# Start Here > Guest Forum >  2.3 Trillion dollars missing from DOD.

## Unregistered

https://www.dailystar.co.uk/news/lat...ory-deep-space

I've just read a book called THE OVERTON WINDOW by GLENN BECK and it mentioned that Donald Rumsfeld announced that 2.3 Trillion dollars of DOD funds were unaccounted for the day before the 911 terrorist attrack. 

And in this terrorist attack the accounting offices in the pentagon were destroyed and the missing 2.3 Trillion dollars was never mentioned again.

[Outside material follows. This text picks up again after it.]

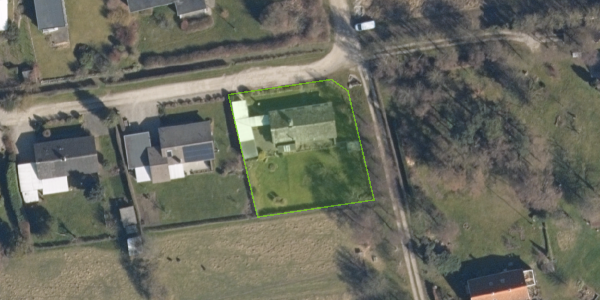Matrikelkort Store Stege 17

What's the Libertarian take on this?

Was it a coincidence, or was something else going on there?

----------


## Swordsmyth

> https://www.dailystar.co.uk/news/lat...ory-deep-space
> 
> I've just read a book called THE OVERTON WINDOW by GLENN BECK and it mentioned that Donald Rumsfeld announced that 2.3 Trillion dollars of DOD funds were unaccounted for the day before the 911 terrorist attrack. 
> 
> And in this terrorist attack the accounting offices in the pentagon were destroyed and the missing 2.3 Trillion dollars was never mentioned again.
> 
> What's the Libertarian take on this?
> 
> Was it a coincidence, or was something else going on there?


Not a coincidence.

----------


## milgram

When has there been accountability for _any_ major wrongdoing in govt? There are many cases of govt corruption, none of the evidence destroyed by a terrorist attack, yet I don't see anyone going to jail.
So I don't know if a plane hitting the Pentagon made much difference. Wasting money and acting above the law is standard operating procedure in DC.

----------


## Working Poor

This is like so 2001.  Look at our debt it is over 21 trillion this too is money that has been stolen from the tax payers. When is everyone going to get pissed and throw the bums out in DC? I like to listen to Catherine Austin Fitts talk about the missing money. She has many youtube videos.

----------


## oyarde

> https://www.dailystar.co.uk/news/lat...ory-deep-space
> 
> I've just read a book called THE OVERTON WINDOW by GLENN BECK and it mentioned that Donald Rumsfeld announced that 2.3 Trillion dollars of DOD funds were unaccounted for the day before the 911 terrorist attrack. 
> 
> And in this terrorist attack the accounting offices in the pentagon were destroyed and the missing 2.3 Trillion dollars was never mentioned again.
> 
> What's the Libertarian take on this?
> 
> Was it a coincidence, or was something else going on there?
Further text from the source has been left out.